S2EC - enhanced spectroelectrochemistry with lossy-mode resonance
optical fiber sensor
Abstract
Spectroelectrochemical (SEC) measurements are widely applied in
analytical chemistry. Transparent or semitransparent electrodes are
typically used for optical analysis of the electrochemical (EC)
processes, where mainly EC readout indicates the state of the electrode
while changes in transmitted optical spectrum help to identify products
of the EC reactions. In this work, we propose SEC measurements enhanced
by additional optical monitoring of the electrode. In this setup, an
optical fiber sensor or rather a section of the polymer-clad silica
multimode fiber core coated with a thin conductive oxide, i.e., indium
tin oxide (ITO), acts also as the electrode. The properties of the film
were appropriately tailored to give rise to the lossy-mode resonance
(LMR) phenomenon and therefore, except for the SEC readouts, optical
monitoring of the electrode was simultaneously possible. The LMR
response depends on the properties of the ITO and the optical properties
of the surrounding medium.

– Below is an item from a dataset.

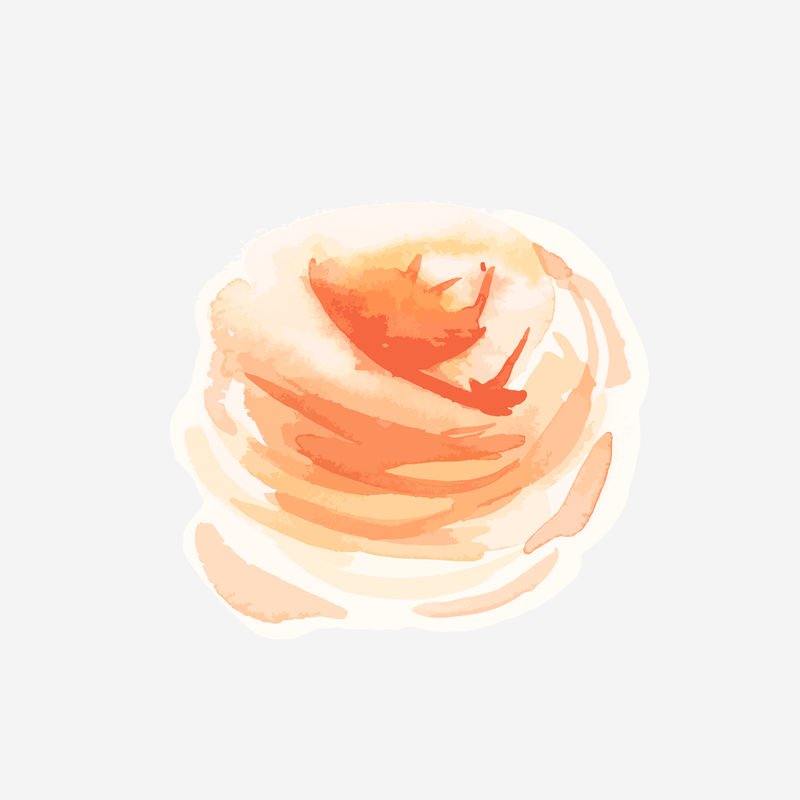 经典橙色玫瑰矢量手绘水彩花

Thus, in the proposed setup, three
interrogation readouts may be received, i.e., EC, optical spectrum
corresponding to the volume of the analyte as for standard SEC, and the
LMR spectrum dependent on the state of the sensor/electrode surface. It
must be noted that the optical measurements are performed in two,
separate, perpendicularly arranged, spectrophotometric paths with the EC
activation (S2EC). In this work, the three readouts
have been correlated and compared to the application of other working
electrodes applied in standard SEC, such as platinum mesh and ITO-coated
glass slide. First, every interrogation path was investigated
individually during the cyclic voltammetry (CV) with two metal ion
oxidation-reduction reaction (redox) probes, such as potassium
ferricyanide and methylene blue. Then simultaneous measurements during
chronoamperometry (CA) were conducted with the sensor and
cross-correlation between the readouts had been discussed. By combining
the sensing techniques an enhancement in the amount of gathered
information about the analyte has been achieved.